Retype exactly the lines from the line with "Baby Anti-Spit Up" to the end of the data, keeping both boundary lines.

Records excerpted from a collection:

——

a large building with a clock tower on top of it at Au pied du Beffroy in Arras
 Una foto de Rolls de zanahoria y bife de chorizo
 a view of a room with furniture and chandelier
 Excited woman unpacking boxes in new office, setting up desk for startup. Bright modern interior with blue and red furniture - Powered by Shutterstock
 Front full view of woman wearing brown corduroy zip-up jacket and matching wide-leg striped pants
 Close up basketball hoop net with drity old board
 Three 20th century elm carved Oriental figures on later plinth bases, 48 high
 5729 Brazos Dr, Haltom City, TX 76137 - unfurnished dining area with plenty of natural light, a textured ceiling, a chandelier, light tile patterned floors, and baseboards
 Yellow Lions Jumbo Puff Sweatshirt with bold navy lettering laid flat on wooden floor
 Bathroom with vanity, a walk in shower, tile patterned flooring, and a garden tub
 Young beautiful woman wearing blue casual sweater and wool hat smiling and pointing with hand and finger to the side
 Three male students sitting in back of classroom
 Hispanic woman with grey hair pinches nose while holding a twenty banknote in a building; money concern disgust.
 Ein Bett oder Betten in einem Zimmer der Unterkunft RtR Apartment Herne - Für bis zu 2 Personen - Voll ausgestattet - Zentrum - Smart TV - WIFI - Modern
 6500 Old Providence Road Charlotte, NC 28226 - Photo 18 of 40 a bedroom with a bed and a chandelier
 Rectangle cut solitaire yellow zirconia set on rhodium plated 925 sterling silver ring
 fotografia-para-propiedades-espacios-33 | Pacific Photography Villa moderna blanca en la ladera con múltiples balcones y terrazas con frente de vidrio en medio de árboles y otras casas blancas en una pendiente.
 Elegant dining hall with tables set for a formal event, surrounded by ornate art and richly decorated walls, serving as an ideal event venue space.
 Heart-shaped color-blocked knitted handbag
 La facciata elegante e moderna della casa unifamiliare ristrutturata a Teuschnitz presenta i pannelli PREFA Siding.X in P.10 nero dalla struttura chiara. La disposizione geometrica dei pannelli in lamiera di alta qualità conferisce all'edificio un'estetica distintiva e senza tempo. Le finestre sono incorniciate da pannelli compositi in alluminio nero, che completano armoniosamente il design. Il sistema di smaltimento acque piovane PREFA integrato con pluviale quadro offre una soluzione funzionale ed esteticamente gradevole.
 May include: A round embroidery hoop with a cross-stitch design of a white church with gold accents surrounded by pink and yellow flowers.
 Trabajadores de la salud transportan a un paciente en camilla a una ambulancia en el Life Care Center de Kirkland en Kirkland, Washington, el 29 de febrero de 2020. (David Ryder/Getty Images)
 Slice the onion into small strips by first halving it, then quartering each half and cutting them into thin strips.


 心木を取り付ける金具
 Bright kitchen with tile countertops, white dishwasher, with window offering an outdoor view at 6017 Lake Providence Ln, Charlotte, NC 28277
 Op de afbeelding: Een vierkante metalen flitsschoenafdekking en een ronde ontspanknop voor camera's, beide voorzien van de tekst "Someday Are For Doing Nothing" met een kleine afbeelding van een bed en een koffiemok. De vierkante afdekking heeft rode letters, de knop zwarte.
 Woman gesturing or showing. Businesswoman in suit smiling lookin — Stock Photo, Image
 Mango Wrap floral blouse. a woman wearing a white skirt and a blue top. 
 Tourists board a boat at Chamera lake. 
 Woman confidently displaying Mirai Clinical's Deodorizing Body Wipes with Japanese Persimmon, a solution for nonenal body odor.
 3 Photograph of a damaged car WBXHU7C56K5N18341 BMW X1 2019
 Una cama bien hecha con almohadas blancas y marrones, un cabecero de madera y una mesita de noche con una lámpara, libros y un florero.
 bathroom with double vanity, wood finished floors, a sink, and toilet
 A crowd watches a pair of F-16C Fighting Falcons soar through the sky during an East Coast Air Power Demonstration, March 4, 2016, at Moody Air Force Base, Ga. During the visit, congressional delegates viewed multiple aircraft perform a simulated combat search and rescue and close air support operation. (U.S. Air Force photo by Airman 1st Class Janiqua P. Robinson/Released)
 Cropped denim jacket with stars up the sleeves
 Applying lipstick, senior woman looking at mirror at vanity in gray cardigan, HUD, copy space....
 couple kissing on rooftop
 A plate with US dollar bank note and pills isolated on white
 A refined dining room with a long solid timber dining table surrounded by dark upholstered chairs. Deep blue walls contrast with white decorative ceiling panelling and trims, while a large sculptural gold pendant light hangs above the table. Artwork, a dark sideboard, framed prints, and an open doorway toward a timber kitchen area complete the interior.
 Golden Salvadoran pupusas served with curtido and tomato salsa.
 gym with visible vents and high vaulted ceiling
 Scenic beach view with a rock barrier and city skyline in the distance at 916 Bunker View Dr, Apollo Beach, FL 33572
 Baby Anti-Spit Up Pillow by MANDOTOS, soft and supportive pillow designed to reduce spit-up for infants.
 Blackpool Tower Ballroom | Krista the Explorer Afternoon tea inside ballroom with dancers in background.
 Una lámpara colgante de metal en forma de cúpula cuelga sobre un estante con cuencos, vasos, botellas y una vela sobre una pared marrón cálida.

——

Task solution:
 Baby Anti-Spit Up Pillow by MANDOTOS, soft and supportive pillow designed to reduce spit-up for infants.
 Blackpool Tower Ballroom | Krista the Explorer Afternoon tea inside ballroom with dancers in background.
 Una lámpara colgante de metal en forma de cúpula cuelga sobre un estante con cuencos, vasos, botellas y una vela sobre una pared marrón cálida.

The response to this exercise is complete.